Diophantus's Arithmetica


In this series of blog posts, I will be discussing some of my favorite topics in math, It mostly falls under the domains of mathematical logic and computability theory.

Diophantus of Alexandria

Diophantus was a Greek mathematician that flourished around 250 AD, he is most famous for his book “Arithmetica” in which he had compiled 130 algebraic problems among thirteen books where most of their solutions were positive integers, and that’s why mathematicians call such algebraic equations as “Diophantine Equations”.

It is said that he wrote his book “Arithmetica” as a distraction from his son’s death, and it turned out to be one of the most brilliant books that discussed algebra and he was amongst the first to use symbolic representations for real-life problems, he was also the first to use powers of more than 2 and 3 which had no physical meaning unlike the square and the cube, his solutions also never involved zeroes or negative numbers.

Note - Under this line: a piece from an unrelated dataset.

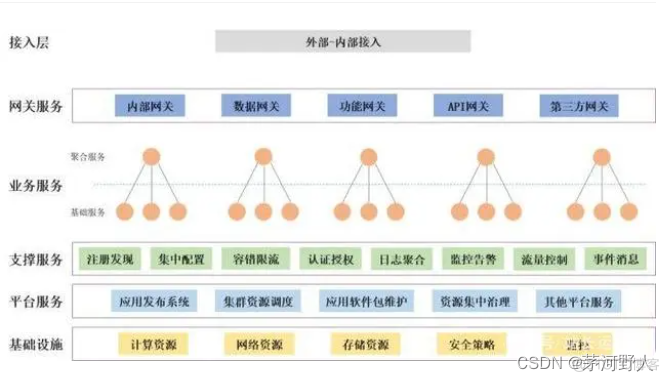 java实现组织架构图 java的架构指的是什么_性能调优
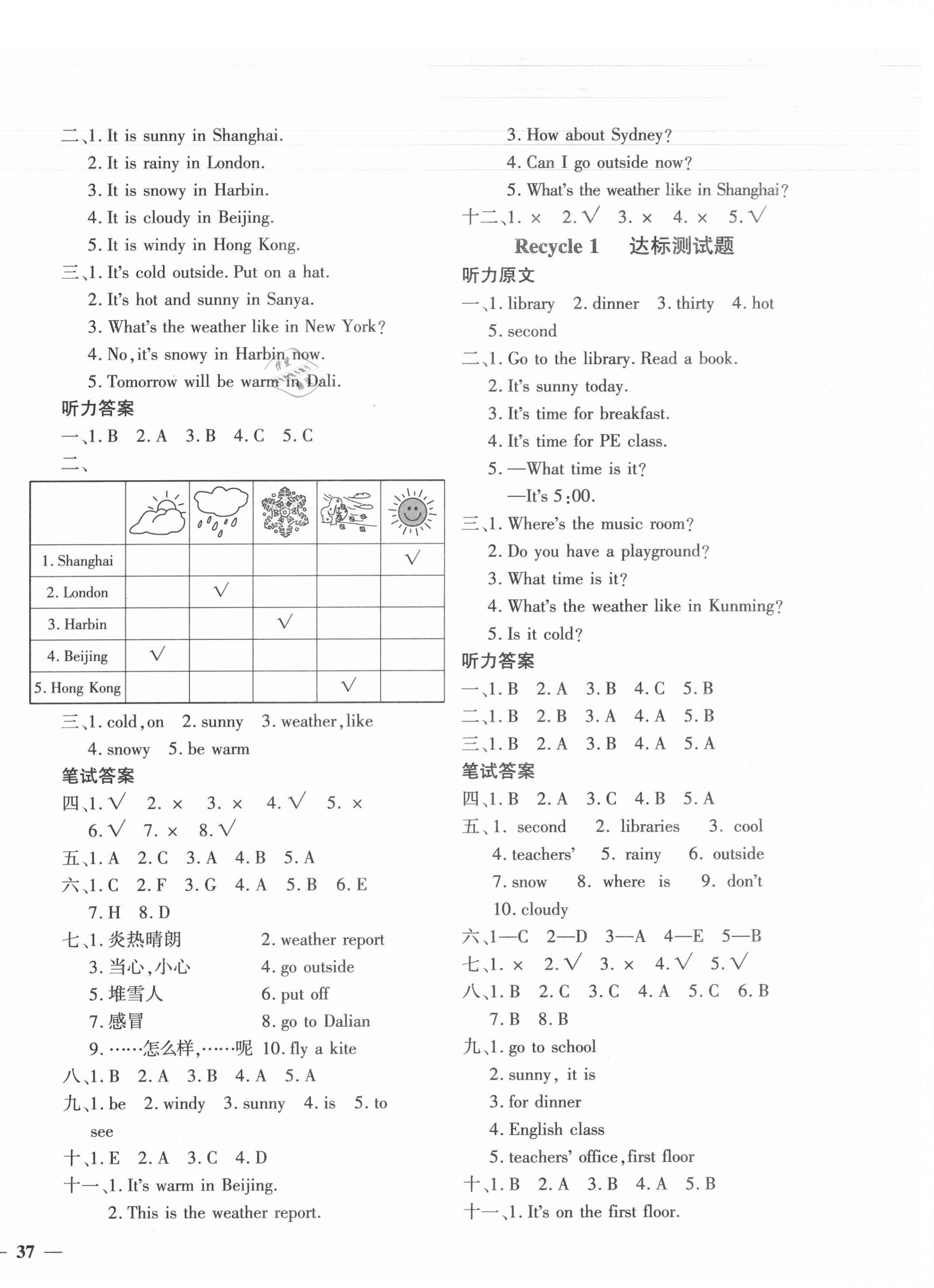 2021年黃岡360度定制密卷四年級(jí)英語(yǔ)下冊(cè)人教版 第2頁(yè)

Diophantus had a brilliant way of solving problems involving multiple variables using only a single variable, he did it in such a way that he finds relations that represent the other variables in terms of the first variable.

A Diophantine Problem

For Example, In his first problem of the fourth book:

“Divide a given number into two cubes such that the sum of their sides is a given number”.

He then provides two numbers:

  • Given Number: 370
  • Sum of Sides: 10

Normal Approach

We can visualize the problem Geomterically as follows: two cubes X and Y Let’s solve it using second grade algebra!

The two sides ($x$ and $y$) add up to 10 and the sum of their cubes ($x^3$ and $y^3$) is 370.
$x + y = 10$
$x^3 + y^3 = 370$

$x = 10 - y$
$(10 - y)^3 + y^3 = 370$
$(1000 + 30y^2 - 300y - y^3) + y^3 = 370$
$30y^2 - 300y + 630 = 0$
$y^2 - 10y + 21 = 0$
$(y - 7)(y - 3) = 0$
y = 7, y = 3

I didn’t want to bother with a detailed explanation of the steps above (I hope all of those who are reading this know some basic algebra), here is how Diophantus solved such problems.

Diophantus’s Approach

He would first express the two variables $x$ and $y$ as two relations in terms of one variable so his $x$ will be $(5+x)$ and his $y$ will be $(5-x)$.
$(5 + x) + (5 - x) = 10$

These indeed satisfy the first equation and will yield 10 upon adding them together, and for the second equation, he describes it as follows:
$(5 + x)^3 + (5 - x)^3 = 370$

It will seem a bit odd and crazy at first, but once we start expanding these cubes, terms will start canceling out like crazy until we are left with:
$30x^2 + 250 = 370$

Which will yield:
$x^2 = 4$

Finally we arrive at the same solution:
$x = 2$
$(x + 5) = {\bf 7}$
$(x - 5) = {\bf 3}$

his problems may seem plain and simple at the first glance but they sometimes become very tough and hard to attack, a famous quote by the German mathematician Hermann Hankel regarding the diophantine problems, “Every question requires a quite special method, which often will not serve even for the most closely allied problems. It is on that account difficult for a modern mathematician even after studying 100 Diophantine solutions to solve the 101st problem”

Fermat’s Last Theorem

Pierre de Fermat was a famous 17th-century French mathematician, he had a copy of Diophantus’s Arithmetica and had filled its margins extensively with notes.
At one of the problems that involved a solution in the form of $x^2\ +\ b^2\ =\ c^2$, Fermat wrote:

“On the contrary, it is impossible to separate a cube into two cubes, a fourth power into two fourth powers, or generally any power above the second into two powers of the same degree. I have discovered a truly marvelous demonstration which this margin is too narrow to contain.”

This nonexistent proof became knows as “Fermat’s Last Theorem”, It was later solved by the British Number Theorist Andrew Wiles in 1993 after three and a half centuries, he then received the Abel Prize in 2016 for his solution.